# Assignment
Excluding all pictures, please output the listing exactly.
** Opening Supplied information block **
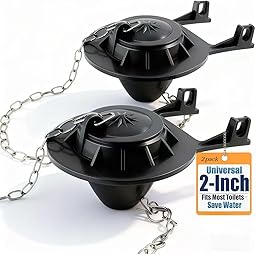 Universal Toilet Flapper Replacement for 2 Flush Valves - Stops Running Toilets & Ghost Flushing, Water-Saving Heavy Duty Rubber with Stainless Steel Chains (Fits Kohler/TOTO/American Standard/Gerber)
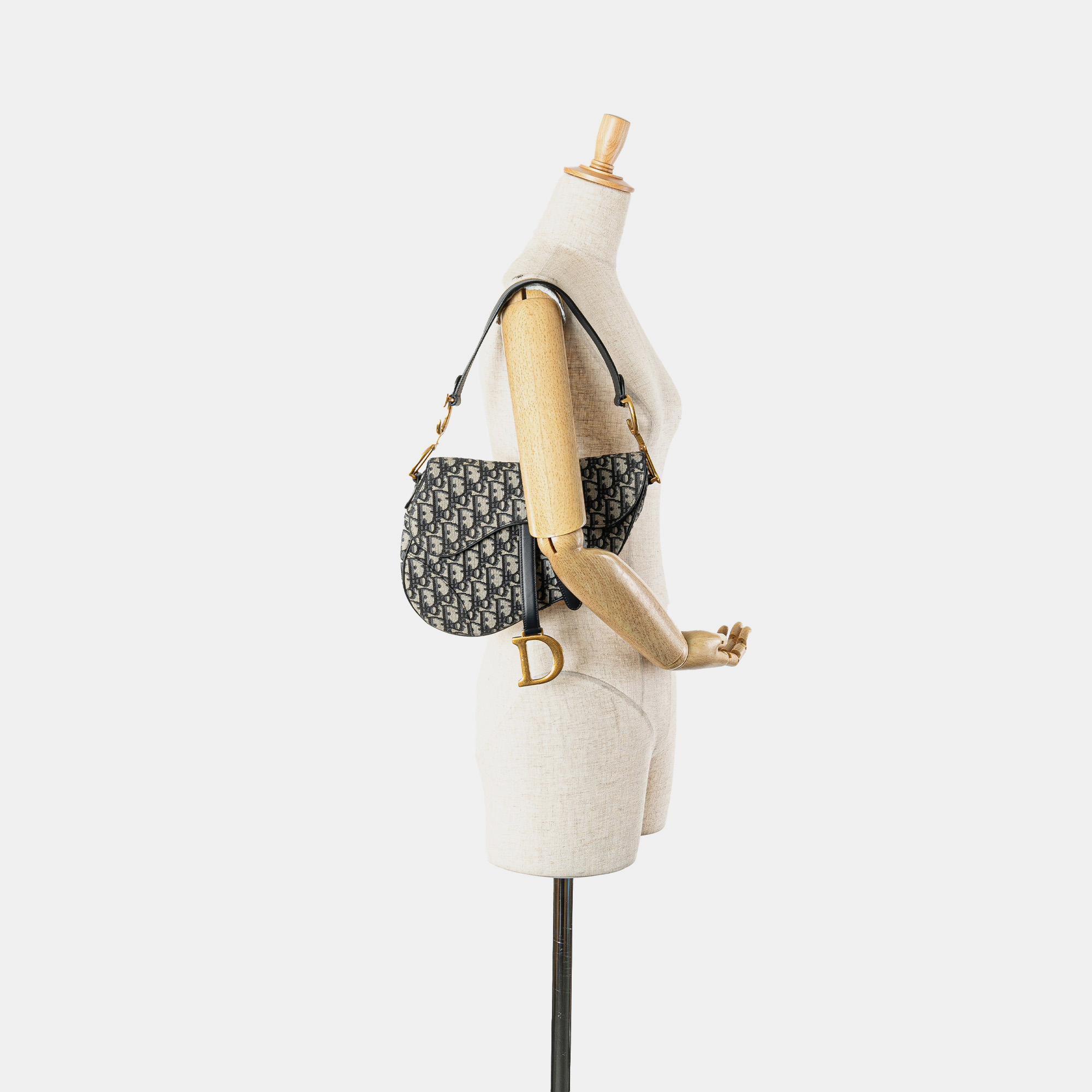Dior Navy Blue Oblique Canvas Saddle Bag 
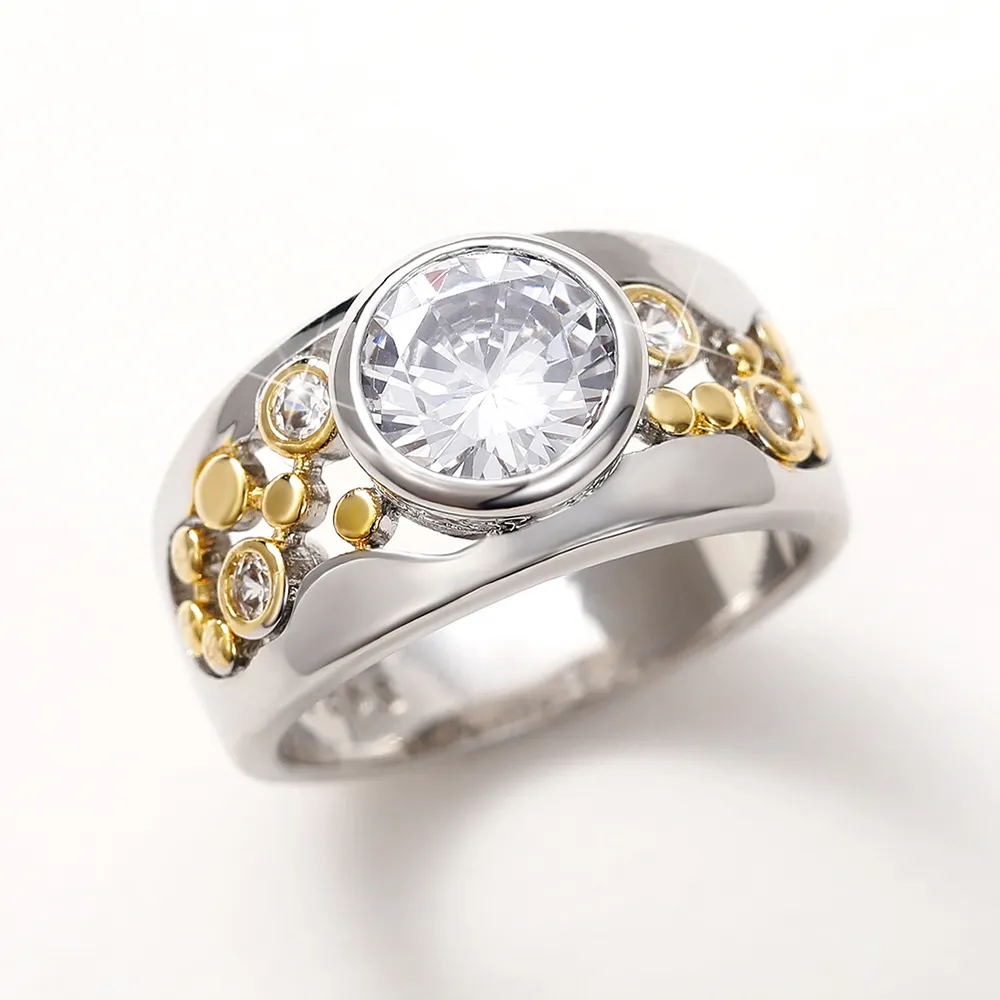 Vintage Inlaid Zirconia Gold &amp; Silver Ring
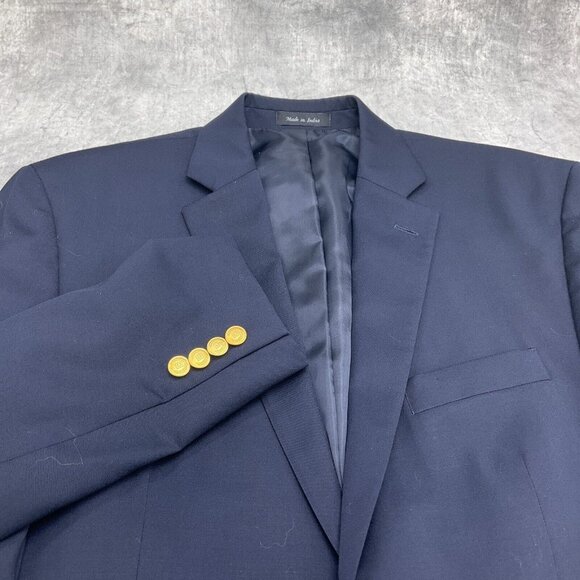 Chaps Blazer Men 42 Blue Gold Logo Buttons Classic Sport Jacket Executive VTG - Picture 2 of 12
** Closing Supplied information block **
# Expected output
 Universal Toilet Flapper Replacement for 2 Flush Valves - Stops Running Toilets & Ghost Flushing, Water-Saving Heavy Duty Rubber with Stainless Steel Chains (Fits Kohler/TOTO/American Standard/Gerber)
Dior Navy Blue Oblique Canvas Saddle Bag 
 Vintage Inlaid Zirconia Gold &amp; Silver Ring
 Chaps Blazer Men 42 Blue Gold Logo Buttons Classic Sport Jacket Executive VTG - Picture 2 of 12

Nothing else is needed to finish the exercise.